REQUIRED WORK -
Report every line of the entries that contains the word "find".

ENTRIES SUPPLIED -
———

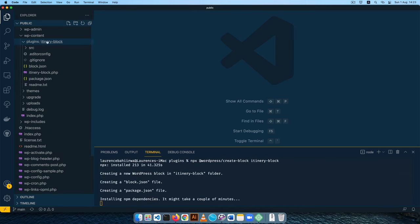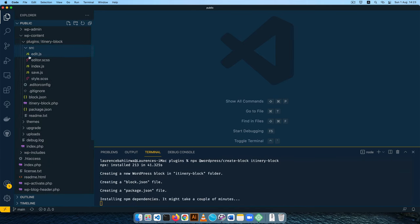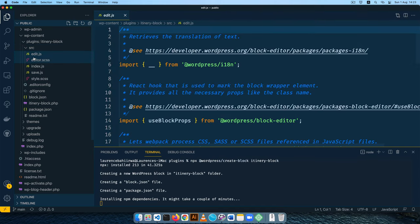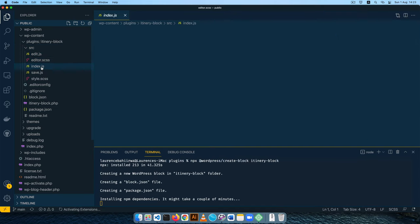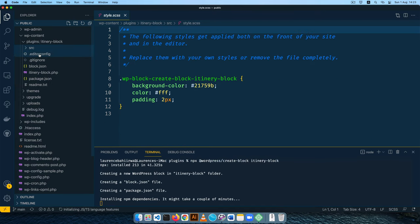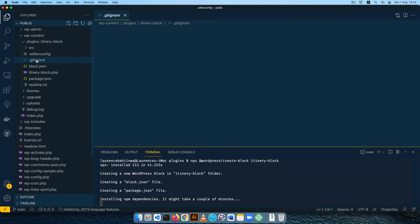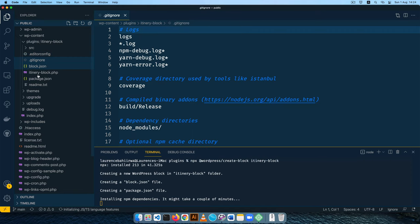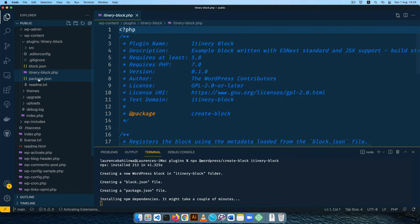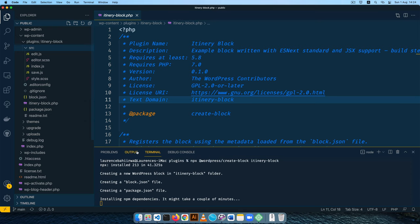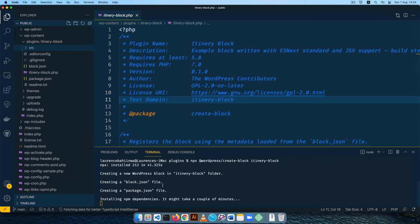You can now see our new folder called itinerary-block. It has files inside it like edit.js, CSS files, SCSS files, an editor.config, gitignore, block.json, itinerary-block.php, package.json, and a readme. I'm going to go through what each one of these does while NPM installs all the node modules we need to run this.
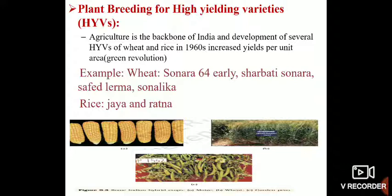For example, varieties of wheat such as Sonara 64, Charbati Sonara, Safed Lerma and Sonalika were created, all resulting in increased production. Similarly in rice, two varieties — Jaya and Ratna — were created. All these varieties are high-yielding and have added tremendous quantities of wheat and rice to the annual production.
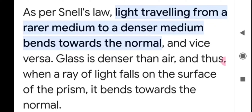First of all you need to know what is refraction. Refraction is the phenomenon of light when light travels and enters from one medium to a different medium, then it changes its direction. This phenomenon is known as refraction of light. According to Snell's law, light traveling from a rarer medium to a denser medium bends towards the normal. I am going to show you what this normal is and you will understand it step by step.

———

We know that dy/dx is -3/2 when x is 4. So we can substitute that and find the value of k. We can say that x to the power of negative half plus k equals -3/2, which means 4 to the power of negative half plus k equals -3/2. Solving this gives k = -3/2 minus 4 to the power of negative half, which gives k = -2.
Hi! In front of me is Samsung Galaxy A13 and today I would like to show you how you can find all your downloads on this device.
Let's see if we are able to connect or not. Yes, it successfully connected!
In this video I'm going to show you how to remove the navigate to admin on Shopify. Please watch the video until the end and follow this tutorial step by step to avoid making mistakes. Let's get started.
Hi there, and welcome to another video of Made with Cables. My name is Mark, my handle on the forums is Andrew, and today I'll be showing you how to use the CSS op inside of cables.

———

SOLUTION TO THIS TASK -
We know that dy/dx is -3/2 when x is 4. So we can substitute that and find the value of k. We can say that x to the power of negative half plus k equals -3/2, which means 4 to the power of negative half plus k equals -3/2. Solving this gives k = -3/2 minus 4 to the power of negative half, which gives k = -2.
Hi! In front of me is Samsung Galaxy A13 and today I would like to show you how you can find all your downloads on this device.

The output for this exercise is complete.